Aprender a ler e escrever é uma das principais etapas da vida escolar, mas, em um mundo marcado pela circulação cada vez mais rápida de informações, o processo de alfabetização ganha novos desafios. Para além de reconhecer letras, formar palavras e produzir textos, as crianças precisam desenvolver, progressivamente, habilidades que permitam compreender diferentes linguagens, interpretar informações e se expressar com autonomia, inclusive diante dos conteúdos que circulam no ambiente digital.


O tema ganha destaque no dia 8 de setembro, quando é celebrado o Dia Mundial da Alfabetização. A data propõe uma reflexão sobre o papel da alfabetização diante das transformações da sociedade. A presença cada vez maior das tecnologias no cotidiano amplia a discussão sobre o que significa estar alfabetizado atualmente e sobre quais competências precisam ser desenvolvidas desde os primeiros anos escolares.

Construção de sentidos

Para Luiz Ventura, Gestor Pedagógico do Colégio Salesiano Recife, o contato com diferentes formas de linguagem faz parte de uma formação que vai além da decodificação de palavras. “É também um processo de construção de sentidos, que envolve compreender o que se lê, saber se expressar, ampliar o repertório e desenvolver a capacidade de pensar criticamente sobre as informações que chegam até a criança”, explica.
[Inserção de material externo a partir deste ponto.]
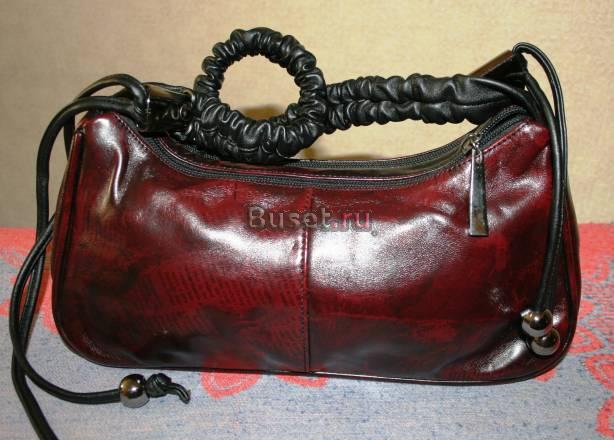 Сумка (15x30) Москва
Na prática, a alfabetização pode ser trabalhada a partir de experiências que aproximam a criança da linguagem em diferentes contextos. “No Salesiano, usamos livros, histórias, músicas, brincadeiras, conversas, desenhos e atividades de escrita para ajudar a ampliar o vocabulário e a compreensão, enquanto recursos tecnológicos são incorporados de maneira planejada para apresentar outras possibilidades de leitura e produção”, detalha.

“Isso não significa substituir o contato com atividades tradicionais de alfabetização por telas. A tecnologia pode ser utilizada como uma ferramenta complementar, dentro de propostas que estimulem a curiosidade e a participação dos estudantes”, reforça Luiz. O objetivo é que a criança compreenda que a informação pode aparecer em diferentes formatos e desenvolva condições para interpretar aquilo que lê, vê e ouve.
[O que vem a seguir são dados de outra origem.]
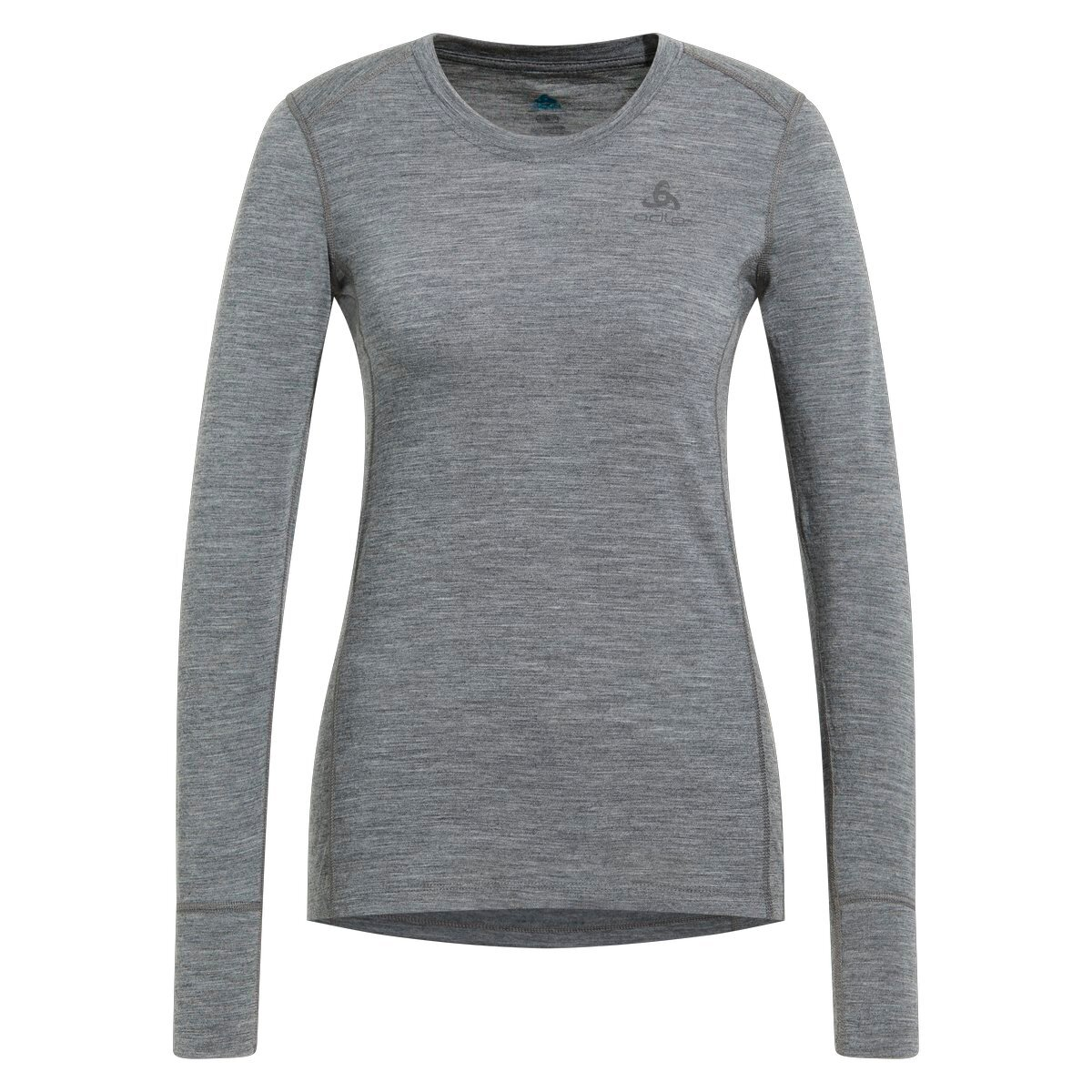 MERINO 200 BL TOP Crew Neck L/S Damen Langarm Unterhemd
Alfabetização e letramento digital

Em uma realidade na qual as crianças têm contato cada vez mais cedo com diferentes conteúdos digitais, o domínio da leitura e da escrita continua sendo indispensável. A partir dessas habilidades, os estudantes desenvolvem progressivamente a capacidade de interpretar informações, estabelecer relações e construir senso crítico para lidar com diferentes mídias e conteúdos digitais.

Nesse processo, a formação digital também ganha espaço. A Base Nacional Comum Curricular para a Computação (BNCC Computação), documento complementar à BNCC, apresenta três eixos: Pensamento Computacional, Mundo Digital e Cultura Digital. Eles orientam o desenvolvimento, desde os primeiros anos, de habilidades relacionadas à lógica e à resolução de problemas, à compreensão das tecnologias e ao uso consciente e responsável dos recursos digitais.

No Colégio Salesiano Recife, a Coordenadora de Tecnologia Educacional, Joselma Silva, explica que esses conceitos são trabalhados gradualmente e integrados ao processo de aprendizagem, de forma interdisciplinar, conectando diferentes áreas do conhecimento. “As ferramentas digitais que utilizamos no processo de alfabetização, como Jovens Gênios, Árvore de Livros e EdifyPlay, também incorporam recursos de Inteligência Artificial, que atuam como suporte, gerando trilhas de estudos específicas e personalizadas que podem contribuir com o processo de alfabetização”, exemplifica.

“A proposta é formar crianças que, além de saber ler, consigam compreender e questionar as informações e conteúdos aos quais têm acesso, desenvolvendo autonomia e pensamento crítico para lidar com as transformações digitais que fazem cada vez mais parte do cotidiano”, finaliza.